(Crawled caption data)

<<<<

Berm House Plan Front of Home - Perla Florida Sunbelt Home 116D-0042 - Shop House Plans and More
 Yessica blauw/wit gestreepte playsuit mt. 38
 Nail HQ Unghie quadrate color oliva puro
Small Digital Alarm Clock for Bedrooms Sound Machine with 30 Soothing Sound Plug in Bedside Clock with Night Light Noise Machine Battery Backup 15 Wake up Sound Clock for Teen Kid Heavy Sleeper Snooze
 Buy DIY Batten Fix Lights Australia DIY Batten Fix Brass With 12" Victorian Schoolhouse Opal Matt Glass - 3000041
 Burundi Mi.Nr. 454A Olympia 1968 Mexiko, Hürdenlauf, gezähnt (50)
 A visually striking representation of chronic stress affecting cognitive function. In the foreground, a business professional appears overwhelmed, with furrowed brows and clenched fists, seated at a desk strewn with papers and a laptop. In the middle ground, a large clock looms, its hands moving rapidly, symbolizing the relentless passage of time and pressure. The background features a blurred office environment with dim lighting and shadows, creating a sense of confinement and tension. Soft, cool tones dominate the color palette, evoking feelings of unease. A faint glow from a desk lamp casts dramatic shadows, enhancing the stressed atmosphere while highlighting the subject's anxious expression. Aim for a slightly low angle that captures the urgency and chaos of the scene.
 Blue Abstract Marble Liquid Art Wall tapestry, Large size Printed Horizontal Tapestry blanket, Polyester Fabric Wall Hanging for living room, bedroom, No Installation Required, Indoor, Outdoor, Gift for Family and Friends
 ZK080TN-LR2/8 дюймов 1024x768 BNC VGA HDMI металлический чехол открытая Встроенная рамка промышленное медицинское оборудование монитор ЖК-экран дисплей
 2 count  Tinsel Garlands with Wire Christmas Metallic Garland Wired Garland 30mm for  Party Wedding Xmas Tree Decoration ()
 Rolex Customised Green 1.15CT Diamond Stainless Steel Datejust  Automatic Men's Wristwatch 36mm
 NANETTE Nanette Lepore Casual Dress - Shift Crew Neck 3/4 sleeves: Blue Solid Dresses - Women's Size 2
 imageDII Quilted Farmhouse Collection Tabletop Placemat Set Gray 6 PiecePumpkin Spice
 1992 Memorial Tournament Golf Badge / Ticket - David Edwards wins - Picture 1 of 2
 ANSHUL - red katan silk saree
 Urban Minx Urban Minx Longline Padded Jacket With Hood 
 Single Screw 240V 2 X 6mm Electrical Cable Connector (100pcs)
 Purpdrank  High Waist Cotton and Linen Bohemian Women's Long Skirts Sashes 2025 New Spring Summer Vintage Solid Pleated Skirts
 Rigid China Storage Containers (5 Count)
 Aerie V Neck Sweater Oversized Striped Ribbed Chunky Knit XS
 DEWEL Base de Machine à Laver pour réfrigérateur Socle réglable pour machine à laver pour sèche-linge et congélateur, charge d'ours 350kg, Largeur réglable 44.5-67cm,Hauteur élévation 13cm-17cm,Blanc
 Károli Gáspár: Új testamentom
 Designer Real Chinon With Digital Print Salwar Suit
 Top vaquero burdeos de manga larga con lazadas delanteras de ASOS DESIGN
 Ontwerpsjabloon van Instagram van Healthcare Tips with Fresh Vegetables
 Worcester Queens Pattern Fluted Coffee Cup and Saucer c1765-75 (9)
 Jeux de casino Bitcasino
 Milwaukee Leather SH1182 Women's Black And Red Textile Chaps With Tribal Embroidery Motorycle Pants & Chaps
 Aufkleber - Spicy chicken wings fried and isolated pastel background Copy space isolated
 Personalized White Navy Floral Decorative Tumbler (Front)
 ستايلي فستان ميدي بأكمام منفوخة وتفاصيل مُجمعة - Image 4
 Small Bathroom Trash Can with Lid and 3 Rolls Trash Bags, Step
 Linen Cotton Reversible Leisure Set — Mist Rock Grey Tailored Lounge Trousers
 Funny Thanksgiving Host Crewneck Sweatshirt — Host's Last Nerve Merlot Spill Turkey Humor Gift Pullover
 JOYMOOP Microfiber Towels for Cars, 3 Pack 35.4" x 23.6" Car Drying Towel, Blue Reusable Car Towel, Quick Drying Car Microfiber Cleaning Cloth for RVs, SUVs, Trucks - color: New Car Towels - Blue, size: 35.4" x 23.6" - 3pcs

>>>>

◆ Brief
The lines that contain the word "Solid" are wanted; copy each of them from the records.

◆ Written response
 NANETTE Nanette Lepore Casual Dress - Shift Crew Neck 3/4 sleeves: Blue Solid Dresses - Women's Size 2
 Purpdrank  High Waist Cotton and Linen Bohemian Women's Long Skirts Sashes 2025 New Spring Summer Vintage Solid Pleated Skirts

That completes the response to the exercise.